As Reuters reported on April 30, 2020, in an article titled Special Report: Trump told Saudi: Cut Oil Supply or Lose U.S. Military Support:

“Trump delivered the message to the crown prince 10 days before the announcement of production cuts. The kingdom’s de facto leader was so taken aback by the threat that he ordered his aides out of the room so he could continue the discussion in private, according to a U.S. source who was briefed on the discussion by senior administration officials.”

Oil-drenched Republican Senators Kevin Cramer and Dan Sullivan had drafted legislation to pull U.S. troops out of Saudi Arabia, giving Trump the club he could wield against the Saudis to help out both Putin and the U.S. oil industry that was seeing bankruptcies spread across the country.

As Reuters noted, “Support for the measure was gaining momentum amid Congressional anger over the ill-timed Saudi-Russia oil price war.”

Thus, in the last year of his presidency, Trump oversaw the worldwide cuts in oil production that would lead to today’s prices soaring well past $130 a barrel.

Which brings us to today, with oil prices soaring.

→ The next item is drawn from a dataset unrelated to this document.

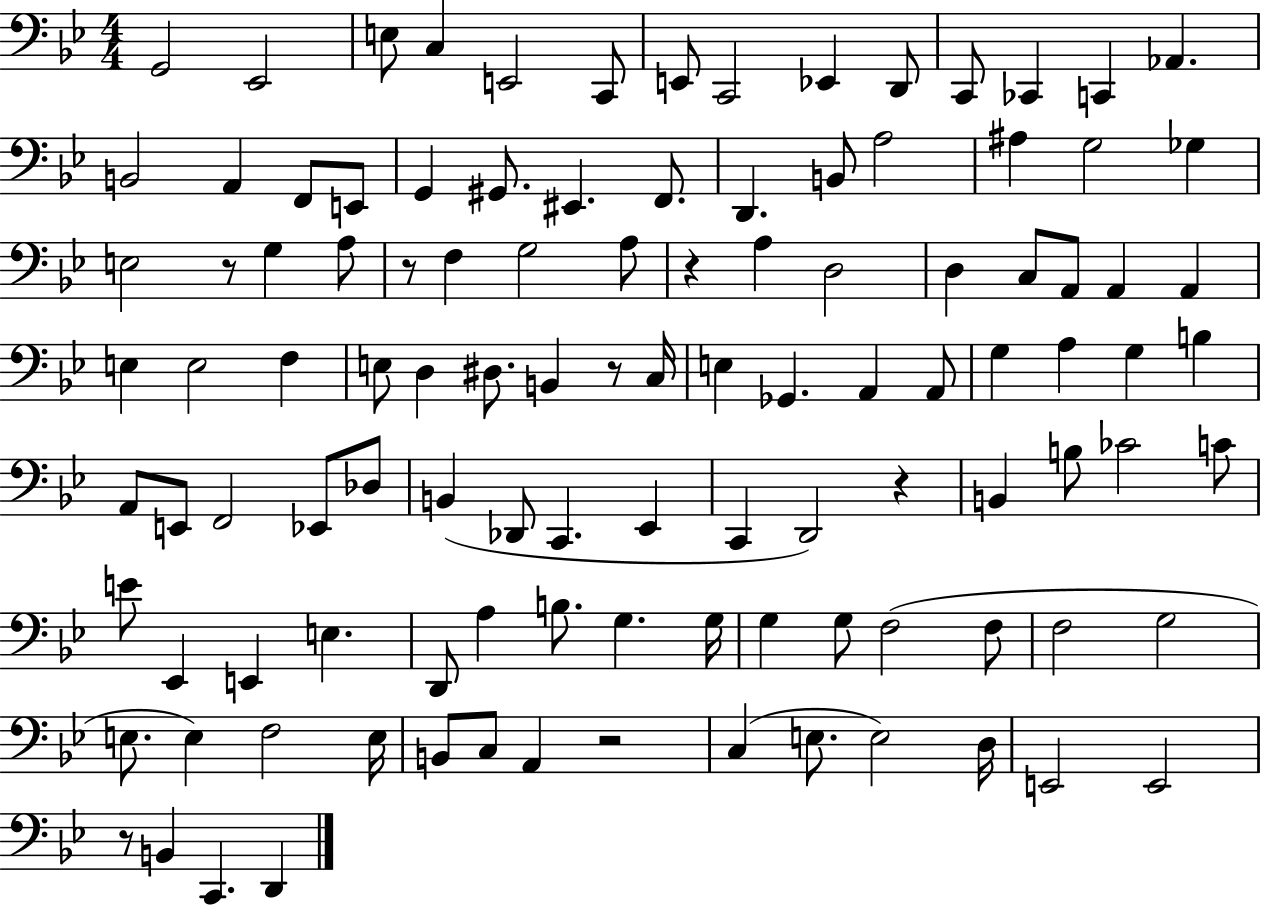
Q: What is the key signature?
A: BES major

When President Biden tried to reach out to our allies, Saudi Arabia and the UAE, to ask them to restore the production they’d cut under threat from Trump, both refused to take his call, according to press reports. Meteor Blades reported at Daily Kos that The Wall Street Journal laid it out:

“The Saudis have signaled that their relationship with Washington has deteriorated under the Biden administration, and they want more support for their intervention in Yemen’s civil war, help with their own civilian nuclear program as Iran’s moves ahead, and legal immunity for Prince Mohammed in the U.S., Saudi officials said. The crown prince faces multiple lawsuits in the U.S., including over the killing of journalist Jamal Khashoggi in 2018.

“The Emiratis share Saudi concerns about the restrained U.S. response to recent missile strikes by Iran-backed Houthi militants in Yemen against the U.A.E. and Saudi Arabia, officials said. Both governments are also concerned about the revival of the Iran nuclear deal, which doesn’t address other security concerns of theirs and has entered the final stages of negotiations in recent weeks.”

The outcome is predictable. Saudi Arabia and Russia keep oil production tight to keep oil prices and profits high, while President Biden is attacked from every direction in the U.S. for high prices at the pump.

Republican politicians grandstand on the issue and hammer it daily into the news, blaming the increased price of gasoline on a president who’s trying to both get Iranian oil back on the market and increase Saudi production. The high price of gas and diesel, meanwhile, keep jacking up U.S. inflation, giving the GOP another lead pipe to hit Democrats over the head with.

Neither of Biden’s efforts to lower oil prices are working, though, as the result of Trump’s two gutless actions on behalf of his patrons. The Iranian talks are bogged down — the Iranians can see what happens to a country that gives up its nukes just by turning on the news and looking at Ukraine — and Saudi Arabia wants Biden to come on bended knee and approve of their slaughter in Yemen, something that would be very costly to American moral standing in the world.

The result is more money for Putin’s war machine and the Saudi crown prince, and a significant increase in the chances an oil-industry-friendly Republican Congress will be installed next year and a Putin/Saudi-friendly Republican President will win election in 2024. Trump may be long out of power, but the impact of his corrupt treachery lives on.